Üstüne üstlük, adli tıp müfettişleri olay mahallinde bir tarama yaptıktan sonra rehinelerde kullanılan kablo bağlarını laboratuvara götürdüler. Sonraki testler, bağlar üzerinde Roger'ın DNA'sının bulunduğunu kanıtladı ve polis, onu soygunla ilişkilendiren kanıtı doğruladı. Şüphelinin olaya karıştığına dair daha fazla kanıt, kolluk kuvvetlerinin Roger'ın eski iş yerindeki bir konteynırda çalınan paranın 9 milyon sterlinini bulmasıyla ortaya çıktı.
Kent, Southborough'da üzerinde Roger'ın DNA'sının da bulunduğu bir çantadan 8 milyon pound daha ele geçirildi.
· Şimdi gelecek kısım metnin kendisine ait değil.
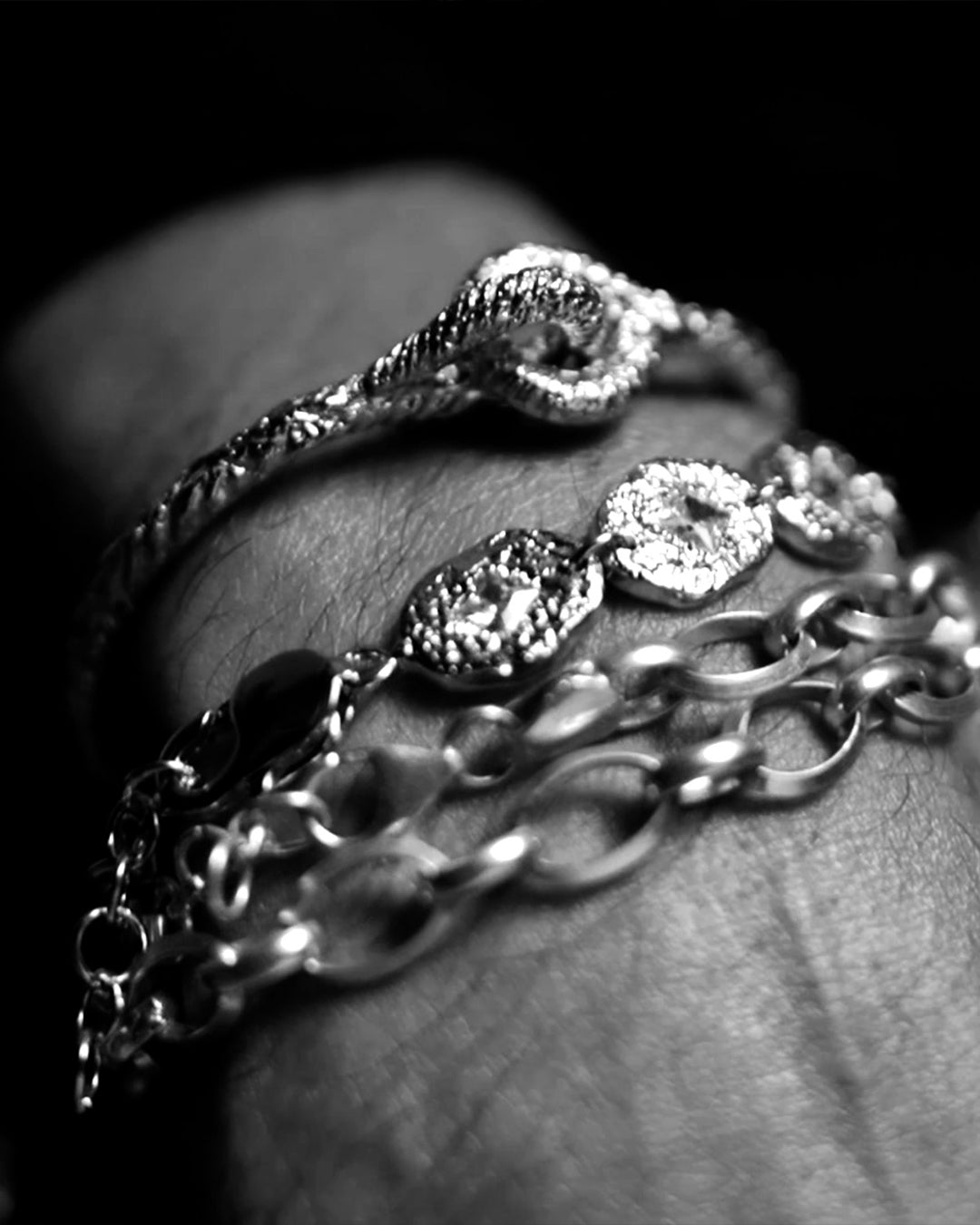 Hooked- Bracelet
Ayrıca telefon kayıtları, diğer faillerle sürekli iletişim halinde olduğunu ve bu nedenle polisin onu suçtaki rolü nedeniyle tutukladığını gösterdi.
Mahkemeye sunulduğunda, Roger suçsuz olduğunu kabul etti ve herhangi bir soyguna katılmadığını iddia etti. Ayrıca, diğer sanıklarla mahkeme dışında görüşmediği konusunda ısrar etti ve kendisinin ve arkadaşının soygun günü Maidstone ve Tonbridge'de alışveriş yaptıklarını, bunun da cep telefonunu olay mahallinin yakınına koyduğunu söyledi. Ayrıca Roger, kendisi ile failler arasındaki telefon görüşmelerini açıklayan Lee Murray'den bir ev satın alma sürecinde olduğunu belirtti.
Son olarak Roger, polisin kendisine atfettiği ön ödemeli hücrenin aslında o zamana kadar ülkeyi çoktan terk etmiş olan iş arkadaşı Hüseyin Başar'a ait olduğunu da ifade etti. Yine de, jüri Roger'ın argümanlarından etkilenmedi ve onu kaçırmak için komplo kurmak, soygun yapmak için komplo kurmak ve ateşli silah bulundurmaktan mahkum ettiler. Sonuç olarak, yargıç onu 2008'de 15 yıl hapis cezasına çarptırdı. Bu arada, kaynaklar Roger'ın günlerini parmaklıklar ardında geçirirken başka bir çocuğun babası olduğunu iddia ediyor. Yine de, olası şartlı tahliyeden bahseden hiçbir rapor olmadığından, hâlâ bir Birleşik Krallık hapishanesinde hapsedilmiş gibi görünüyor.